Frau Mutzenbacher received him once again in her sitting room. Now, the curtains were drawn open and dusty daylight poured in. She was still ensconced in her chair. She nodded at a slip of paper on a side table near her. Werthen picked it up; it was a cheque for one thousand kronen drawn on the Austrian Länderbank.
‘Sufficient, I assume, to begin?’ she said.
He nodded, placing the cheque in the inside pocket of his jacket. It was more than some laborers made in a year. The Bower was obviously doing well for itself.
‘Did my brother fill you in on the doings of our little establishment?’
He was confused for a moment. ‘You mean Siegfried?’
‘Yes.
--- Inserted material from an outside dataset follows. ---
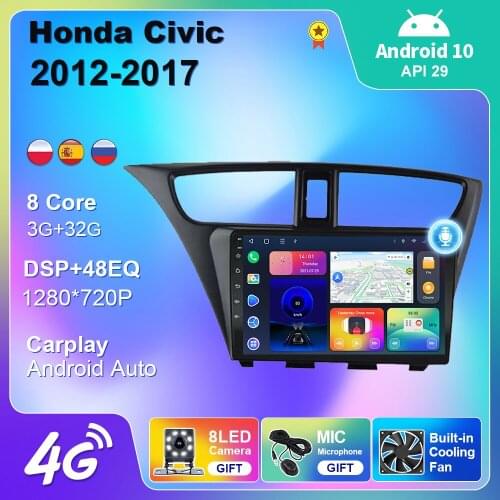 2 din Android 10 For Honda CIVIC Hatchback 2012-2017 Car Radio Multimedia GPS Navigation Car Android Auto Carplay No DVD Player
Always was a chatty little monger, Siggy. Could talk the teeth out of a hen. Looks like you found something.’
She nodded at the Bible he was carrying.
‘It was hidden under the wardrobe. I checked just now with Fanny and she said it does not belong to her.’
She was silent for a time, then let out a sigh.
‘I didn’t know Mitzi was religious.’
‘Did she speak another language?’
‘I don’t think so. Why do you ask?’
‘No reason,’ he said, deciding not to mention the note he discovered in the Bible until he could get it translated.
Only now, with the daylight coming into the room, did Werthen notice some photographs on the side table near her. One, in a silver frame, showed a young girl with eager, innocent features, holding a stuffed bunny. Another, framed in black lacquered wood, appeared to be a photo taken at a graveside with various mourners. The photographer caught Frau Mutzenbacher just releasing a handful of blossoms on to an ornate coffin still suspended over an empty grave.
She saw his glance. ‘That was her.’ She picked up the silver frame. ‘Had an outing at the Wurstelprater, we did. Played all the silly games and even went on the Ferris wheel. She won that bunny at the ring toss. Slept with it every night, just like a child.’
She took a handkerchief out of her sleeve and brushed dust from the glass, replacing the photo on the table.
‘And that is from the funeral?’ he asked.
She nodded. ‘Gave her the best farewell I could. She would have liked that.’
‘May I?’ he asked. She handed him the funeral photograph. Werthen looked closely at the graveyard scene, at each of the mourners in turn.
‘You recognize somebody there?’ she asked.
‘Perhaps.’
‘You’re a close one, especially as I’m paying.’
‘You will receive regular reports from me,’ he said handing her the photograph.
She placed it carefully back in the same position on the side table.